Start of Block

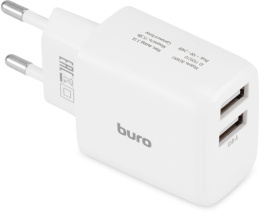 Сетевое зарядное устройство Buro BUWH1,  2xUSB-A,  15.5Вт, 3.1A, белый [buwh15s200wh]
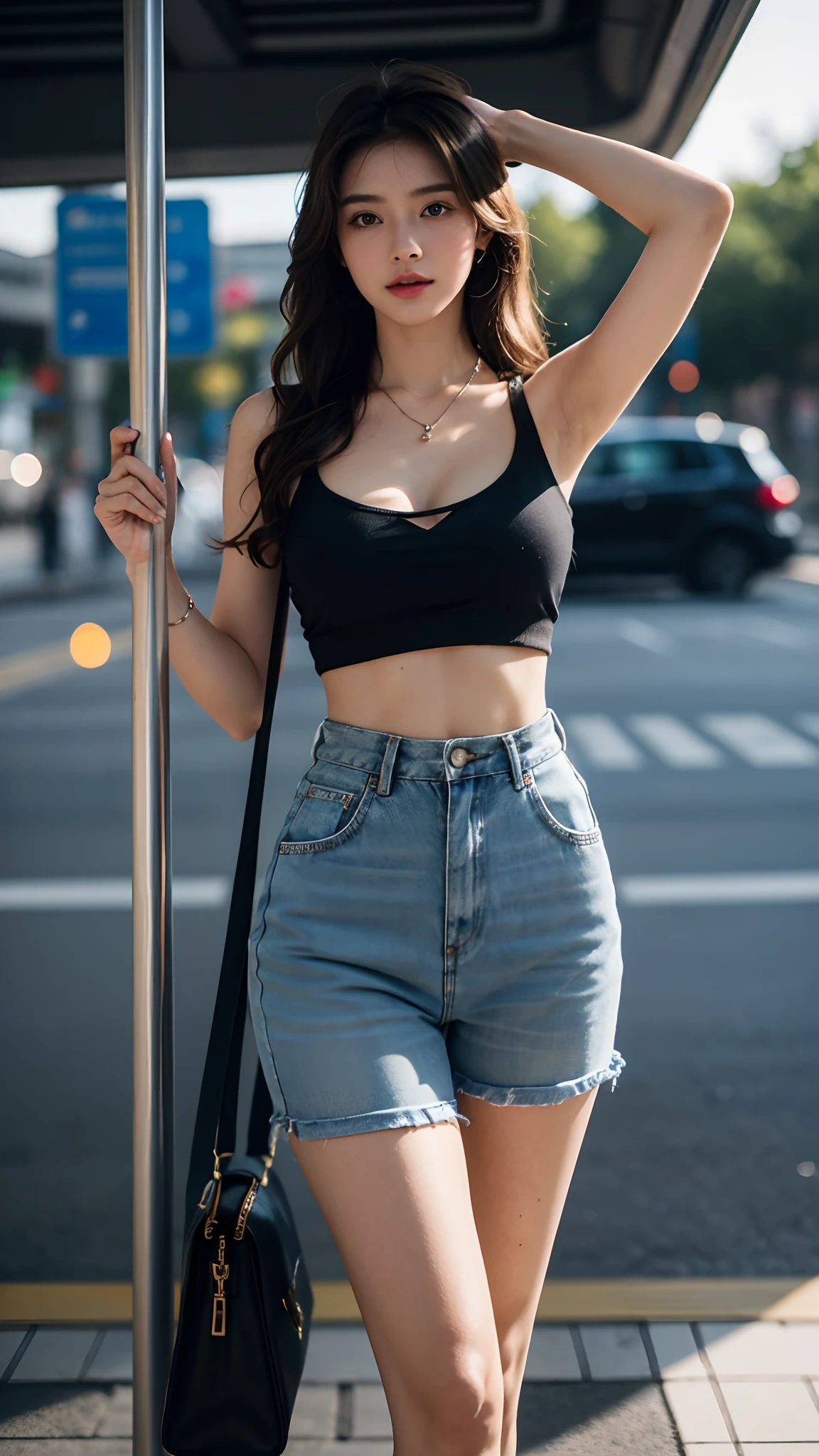brown hair, long hair, wavy hair, depth of field, cinematic lighting, blurry, glowing light, cowboy shot, from below, bokeh, bokeh, Eye-Level Shot, f/1.2, 85mm, Sony FE GM, highres, best quality, high details, super detail, textured skin, UHD. very beautifull 20 years old girl. open chest cropped hand t-shirt. exposed cleavage. necklace. beautifull armpit. high waist hot pants. high heels. gucci hand bag. slim waist. nice hips. tall girl. leaning her body on bus stop wall.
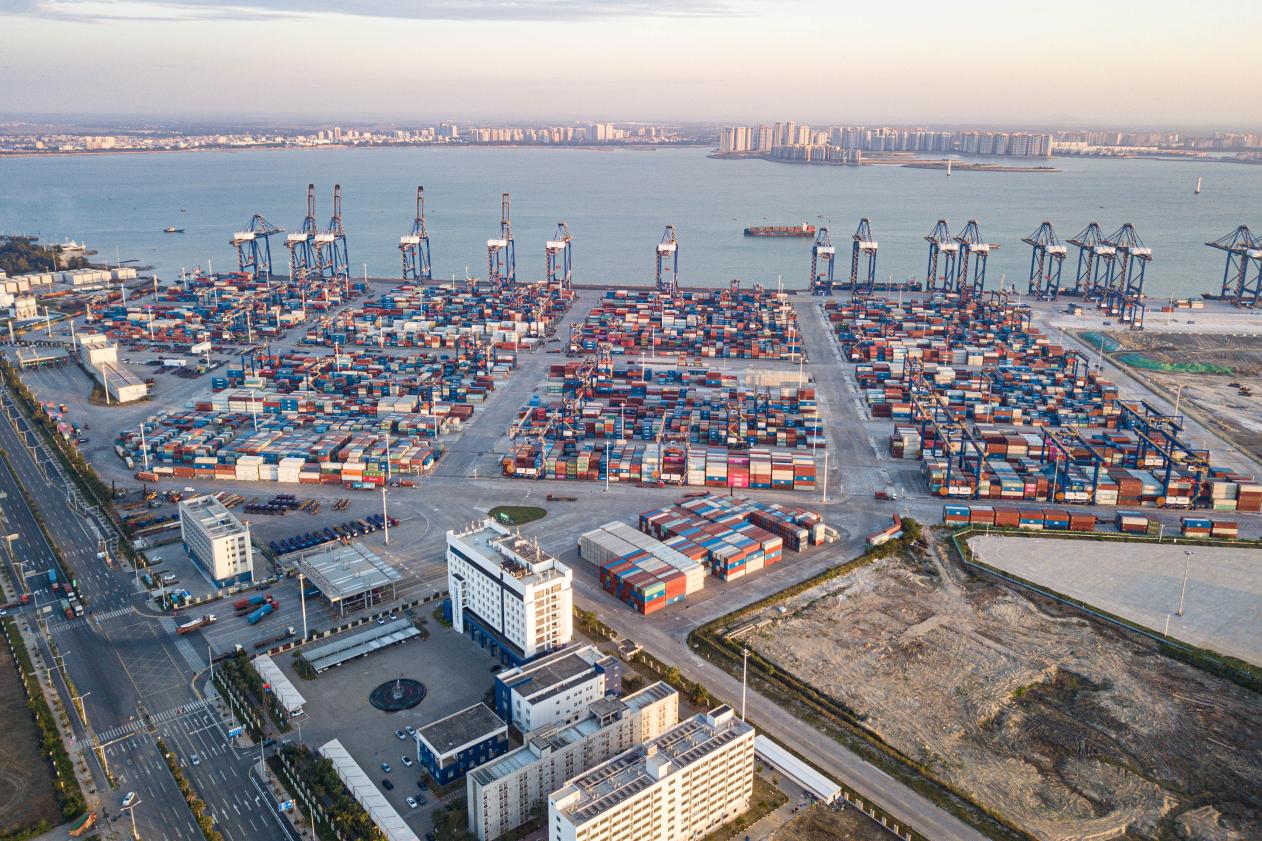 An aerial drone photo taken on Nov. 21, 2025 shows a view of the Yangpu International Container Port in Yangpu Economic Development Zone, south China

End of Block

TRY IT: Copy the data above line for line, skipping every picture.

COMPLETED TASK:
 Сетевое зарядное устройство Buro BUWH1,  2xUSB-A,  15.5Вт, 3.1A, белый [buwh15s200wh]
brown hair, long hair, wavy hair, depth of field, cinematic lighting, blurry, glowing light, cowboy shot, from below, bokeh, bokeh, Eye-Level Shot, f/1.2, 85mm, Sony FE GM, highres, best quality, high details, super detail, textured skin, UHD. very beautifull 20 years old girl. open chest cropped hand t-shirt. exposed cleavage. necklace. beautifull armpit. high waist hot pants. high heels. gucci hand bag. slim waist. nice hips. tall girl. leaning her body on bus stop wall.
 An aerial drone photo taken on Nov. 21, 2025 shows a view of the Yangpu International Container Port in Yangpu Economic Development Zone, south China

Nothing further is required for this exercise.